• Exercise requirements: Beginning at the first line of the material, output each line exactly until you reach and include the line containing "What your heart". Leave every picture out.

• Supplied data:
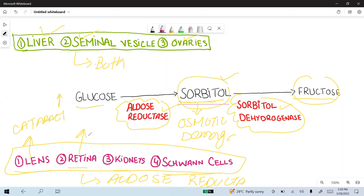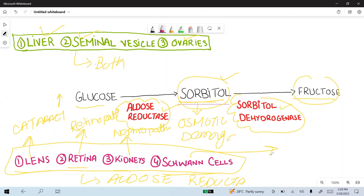In the case of the retina, sorbitol-induced osmotic damage leads to retinopathy. In the case of the kidney, it leads to nephropathy. And in the case of Schwann cells, the osmotic damage induced by sorbitol leads to peripheral neuropathy.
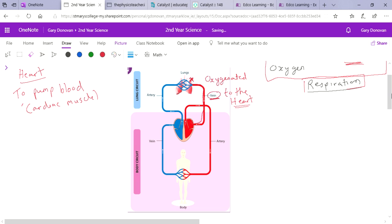What your heart does then is it receives this oxygenated blood and pumps it around the body to all the different cells. It does this through an artery — there are lots and lots of arteries, but this is just a simplified diagram. Remember, arteries carry blood away from the heart.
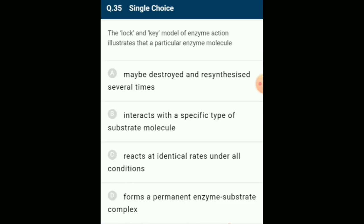The lock and key model of enzyme action illustrates that a particular enzyme molecule interacts with a specific type of substrate molecule. Fisher in 1894 proposed the lock and key theory, according to which the active sites of enzymes have a specific geometric shape wherein the substrate molecules fit in just like a key in a particular lock.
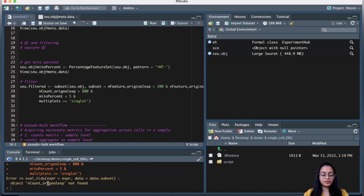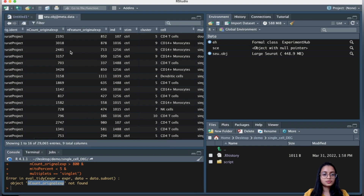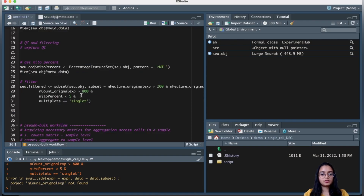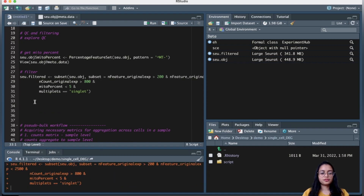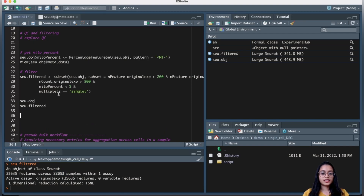I got an error saying nCount_originalexperiment was not found — I had misspelled the column name. After fixing it to the correct column name and re-running, the filtering completed successfully. We started with around 29,000 cells and after filtering we are left with around 22,000 cells.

• Written response:
In the case of the retina, sorbitol-induced osmotic damage leads to retinopathy. In the case of the kidney, it leads to nephropathy. And in the case of Schwann cells, the osmotic damage induced by sorbitol leads to peripheral neuropathy.
What your heart does then is it receives this oxygenated blood and pumps it around the body to all the different cells. It does this through an artery — there are lots and lots of arteries, but this is just a simplified diagram. Remember, arteries carry blood away from the heart.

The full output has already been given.